Von Geschenken und Shogunaten


Wir tauschen die Neonlichter gegen Nadelwälder. 120 Kilometer fahren wir hinaus mit dem local train, müssen dabei vier Mal umsteigen und fahren durch eine Landschaft, die unserer daheim, nicht ganz unähnlich ist. Bewaldete Hügel, etwas nebelverhangen und zig Felder, auf denen Kühe grasen. Wo bei uns Korn wäre, sind hier Reisfelder, welche die zersiedelten Häuser miteinander verbinden. Dies ist ein Unterschied. Im Wald findet man neben Laub und Nadelbäumen immer wieder Bambus und auch die Häuser sind anders. Es ist so bekannt aber doch so fremd, so dass man sich zurecht findet, aber jeden Tag ein neues Abenteuer erlebt.

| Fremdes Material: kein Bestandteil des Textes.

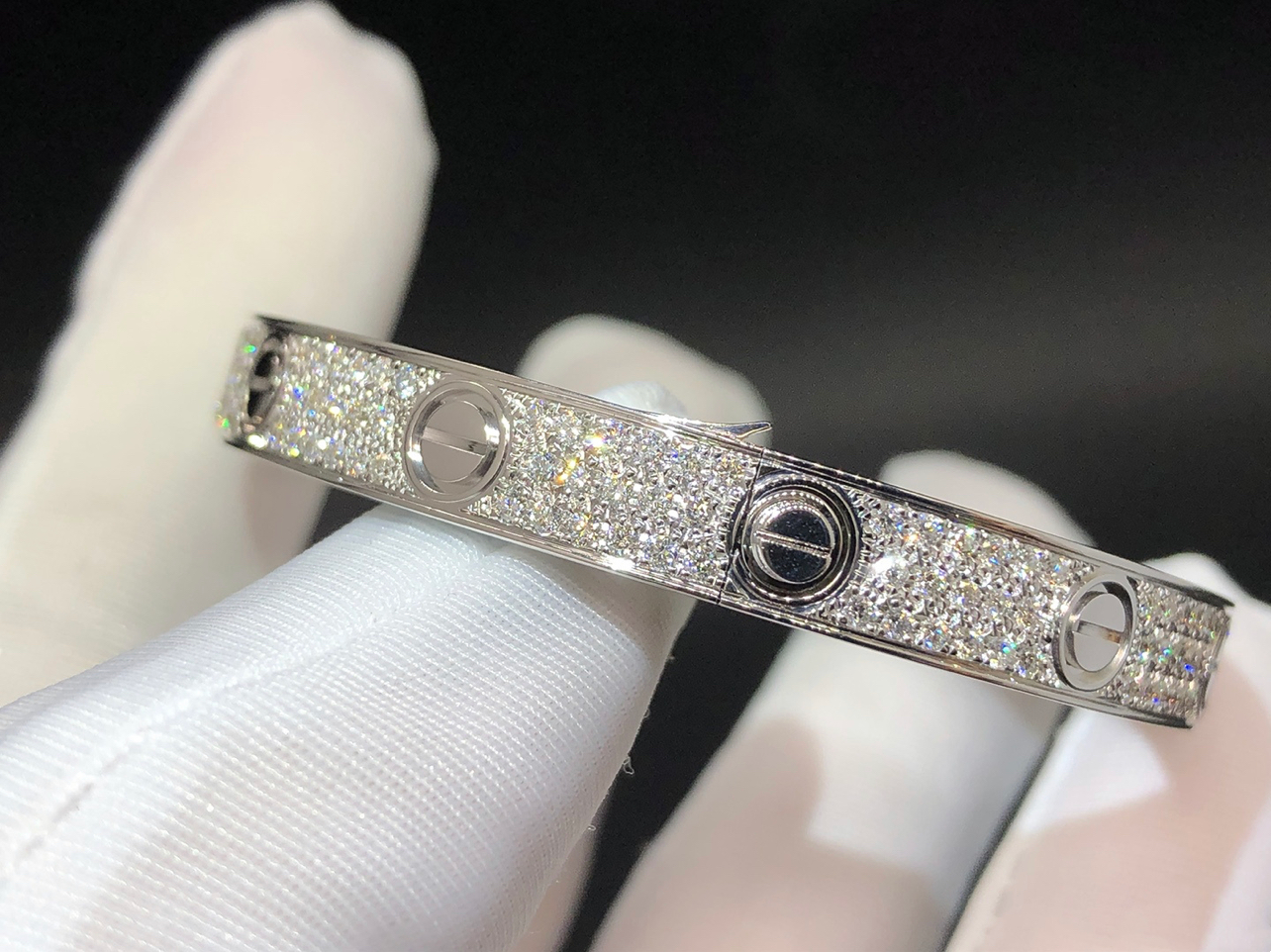 Love bracelet diamond-paved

Nikko heisst der Ort, den wir besuchen. Er wird oft als Tagesausflug von Tokio aus bereist, aber wir haben Zeit und buchen gleich zwei Nächte. Hier oben ist es merklich kühler und feucht, was sich im Nebel zeigt, der über den Bergen hängt. Im Dorf und den berühmten Tempeln wächst das Moos überall und hüllt alles in einen grünen Schleier. Dieses malerische Bild hat schon in der Mitte des 8 Jahrhundert Buddhistische Priester inspiriert, die hier als Erste siedelten. Ruhm erlangte es, als man Nikko als letzte Ruhestätte für den Warlord Tokugawa Ieyasu auserkohr, der das Shogunat einrichtete, das Japan mehr als 250 Jahre regieren sollte. Entsprechend prunkvoll sind die Tempel hier, umgeben von grossen Nadelbäumen. Früher Vogel fängt den Wurm denken wir und gehen gleich zur Öffnung um 8 Uhr zu den Tempeln. Das war auch eine gute Idee, denn bereits um 9 Uhr kamen die Busse mit frühaufgestandenen Schulklassen und Geschäftsausflügen aus Tokio an und geniessen ihren Ausflug in die Geschichte.

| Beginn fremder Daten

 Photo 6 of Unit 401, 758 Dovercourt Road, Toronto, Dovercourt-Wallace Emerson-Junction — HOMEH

Der Fotograf schiesst fleissig Klassenfotos, wobei die Schüler ihre farbigen Mützen, die zur Gruppenzuordnung dienen, abnehmen dürfen. Wir werden einige Male von Kindern angesprochen, die mit ihren Blicken tief in ihre Exkursionshefte mit uns einen Englisch-Dialog führen möchten/müssen. Eine andere Gruppe verteilt sorgfältige Origami an Ausländer. Natürlich darf auf einem Klassenausflug die Schule nicht zu kurz kommen und wir gehen davon aus, das im Anschluss noch ein heftiger Aufsatz ansteht.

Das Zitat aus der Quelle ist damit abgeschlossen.